Also, with this partial victory, Mitarotonda was able to have the company agree to re-examine its real estate and capital obligations. It also agreed to close department stores that were underperforming and subject new locations to return on capital requirements. The activists had hoped Dillard’s would complete a sale-lease back of owned properties, a typical tactic considered by insurgents seeking to have corporations raise capital for other purposes such as stock buybacks or special dividends. Even though that didn’t happen, the company’s steps to put a razor eye on real estate is a step in the activists' direction.
And there is always next year. -- Ron Orol

Friday, March 28, 2008

Motorola Takes Steps to Appease Icahn

When it comes to activist campaigns at super-sized technology companies like Motorola Inc., patience is the name of the game, especially when you're Carl Icahn. The megatechnology company said Wednesday it will split into two independent, publicly traded companies, thus separating its struggling mobile-phone business from its broadband and mobility-solutions operations.

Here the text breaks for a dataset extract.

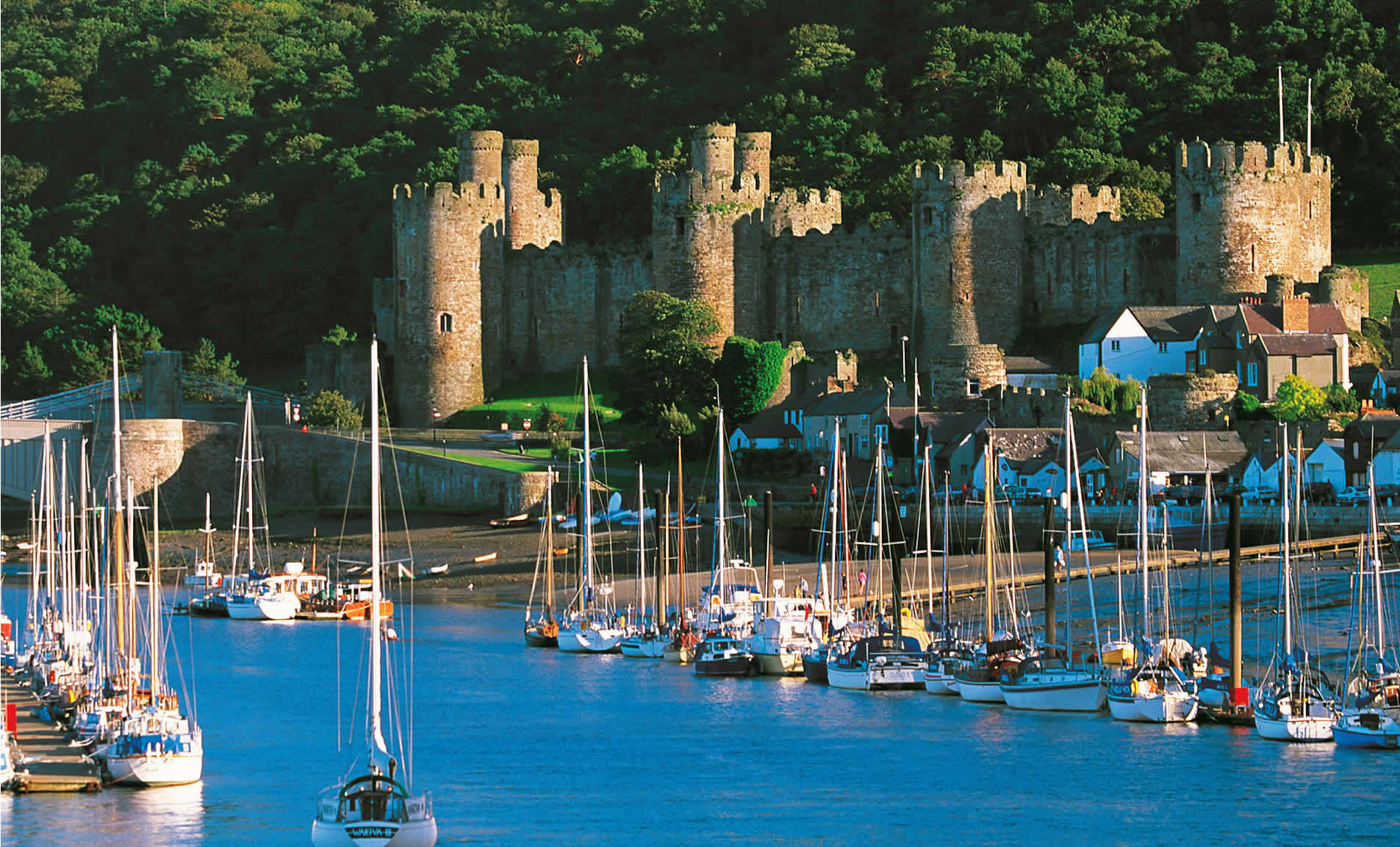 The Wonders of Wales & England - September 28 - October 4, 2026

This, of course, is a large part of what Icahn wanted. But even with victory, Icahn continues to agitate for change at Motorola, whose stock is still in the doldrums at around $10 a share. Icahn wrote a letter to Motorola that despite its agreement to split the company up he still wants management to install a candidate, Keith Meister, he had put up for election to the board in a proxy contest. Meister directs funds controlled by Icahn. Icahn also raised questions about Motorola's decision to wait until 2009 to complete its breakup plans.

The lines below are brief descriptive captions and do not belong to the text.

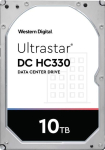 HDD WESTERN DIGITAL ULTRASTAR Ultrastar DC HC330 0B42258 10TB SAS 256 MB 7200 rpm 3,5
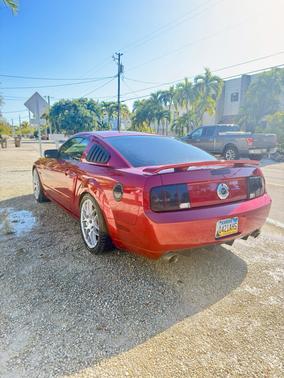 2007 Ford Mustang GT
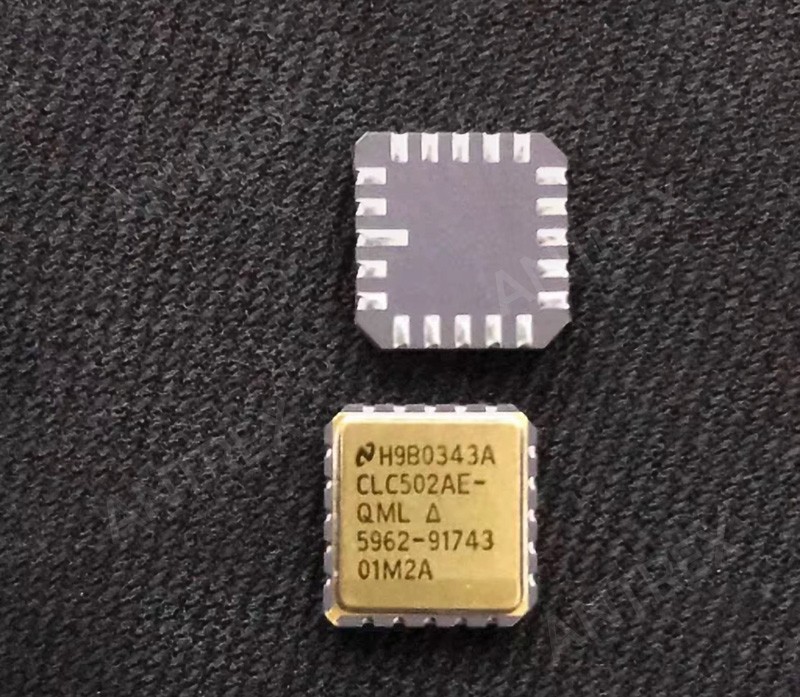 5962-9174301M2A Operational Amplifiers - Op Amps image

And this contest was not the first time Icahn pressed for changes at Motorola. Icahn started his public efforts in 2007 by launching a proxy contest to nominate a director candidate for the board of Motorola, which had a stock market capitalization at the time of $42 billion. Icahn lost his campaign, but it was close -- he received 717 million votes while the incumbent director attained 931 million.
This was considered a major loss for Icahn, but was it really? Motorola agreed to cut 7,500 jobs, saving it roughly $600 million, in what can be argued was a partial response to Icahn. The restructuring continued when Motorola's CEO Ed Zander resigned.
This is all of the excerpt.